Turning 80 is a good time to confront the question that author Clayton M. Christensen poses in his well-meaning but ultimately pointless book: how will you measure your life? The premise of Christensen’s book, and one that I disagree with, is that wisdom can be taught; that happiness can be engineered.   For example, Christensen blithely imparts business concepts-the most gag-inducing one being, ‘Create a culture,’– that aim to help the reader pursue happiness.  The book should have been an article.  At best, it serves as a nudge; something that readers can mull over and then most likely forget.  Behavioral modification of the kind Christensen advocates requires discipline and commitment, both of which can be taught but not through a book.  Teaching it in a classroom environment over the course of months seems to be a better model.  The best way is to follow Christensen’s own approach.  He earned the right to write this book through intense introspection, which arguably, is the only way to gain wisdom.  He says that he spent an hour a day during his year as a Rhodes scholar meditating and praying about the purpose of his life.  Each phrase in the previous sentence delineates Christensen as an exceptional person.  What about the rest of us? What about the average person who doesn’t have the intellect to be a Rhodes Scholar; the faith and the discipline to meditate an hour a day at age 20-something; or the means to do any of the above?

My skepticism of self-help books such as Christensen’s doesn’t, however, detract from the seductiveness of its title.  How will you measure your life? For the educated elite, and certainly those graduating from Harvard Business School, where Christensen teaches, a good measure of a life well-lived would be impact and legacy: building an institution, affecting countless lives, making enough wealth to pass on to future generations, improving the world.
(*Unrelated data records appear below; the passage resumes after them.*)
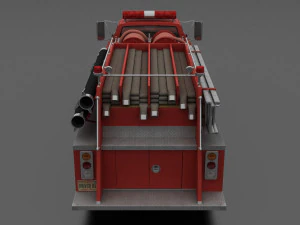 F-Series F-800 FireTruck Unmarked 1995 3D Model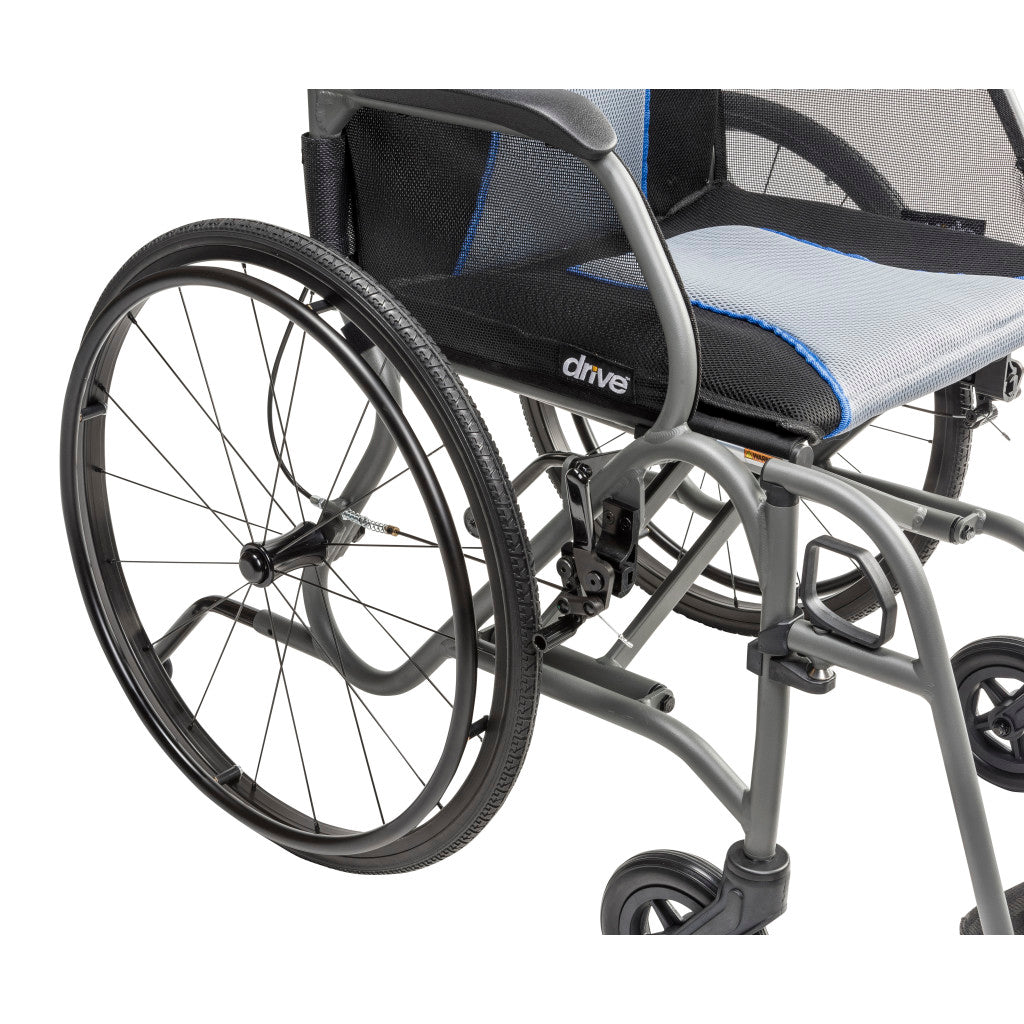 AeroFly Ultra-Lite Wheelchair, 18", Gray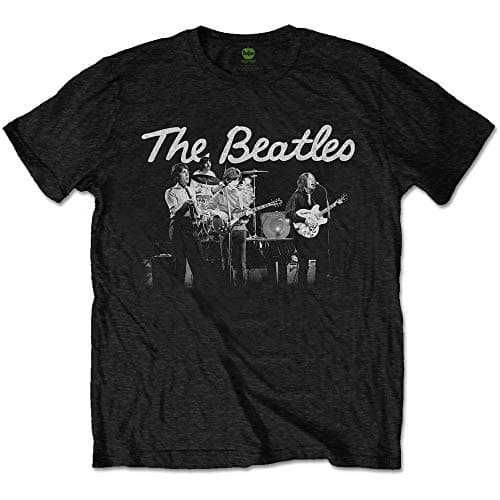 Image of Band Monkey Beatles 1968 Live Photo Men Black T-Shirt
Legacy in this business context is usually built or engineered, but in the art world, it can often be an accident.  When the Japanese artist, Hokusai, created the woodblock print that would become a Japanese art icon nearly 200 years later, he didn’t know he was creating a legacy.  His print, The Great Wave off Kanagawa, is among the most recognizable pieces of Japanese art.  But Hokusai wasn’t aiming for immortality when he created that beautiful wood-block print in Prussian blue.  He was cultivating the self; aiming for the divine.  A quote attributed to him at the end of his life says that none of the pictures he had produced till age 70 had little merit.  “At 100, I will make real wonders and at 110, every point, every line, will have a life of its own,” said Hokusai.  I have read similar quotes from Hindustani musicians in Sheela Dhar’s wonderful book, “Raga n’ Josh,” in which singers aim for honesty and integrity in every musical phrase they essay.  Hokusai’s measure of his life in terms of the integrity of his art was every bit as lofty and ambitious as Andrew Carnegie’s desire to build steel plants and cultural institutions.  The East plumbs inward to chart and measure growth of the self; the West measures external impact.  But what of average lives that cannot be measured through achievement either in the material or artistic sense?    Life, for many of us is not about artistic genius or business impact.  It is about small pleasures, rich relationships, and the ability to make peace with your soul.  It is about what author Katrina Kenison calls, “The Gift of the Ordinary Day.”

The people who attended my father-in-law’s 80th birthday were not the spectrum of political contacts he had made during his years in Delhi.  They were a broader version of that vaunted Indian stereotype: the joint family.  Who will come to your birthday when you turn 80? Who will you invite to be with you when you have little to gain and nothing to prove? As I saw this year with five sathabhishekams, it will be those people who are part of you; the people you love.

How will you measure you life? By increasing the surface area of the people you love.  Unlike monuments that can be built; unlike intelligence, which can be faked; learning to love your frail friends and dysfunctional family requires tolerance and generosity.  Affection is not about what you do; it is about who you are.  Worst of all– from a goal-oriented point of view–it cannot be measured, only felt.  Building a web of affection is, to my mind, the hardest goal there is; and also one of the few goals worth pursuing.

 

Shoba Narayan doesn’t measure her life but that may be because she isn’t good in mathematics.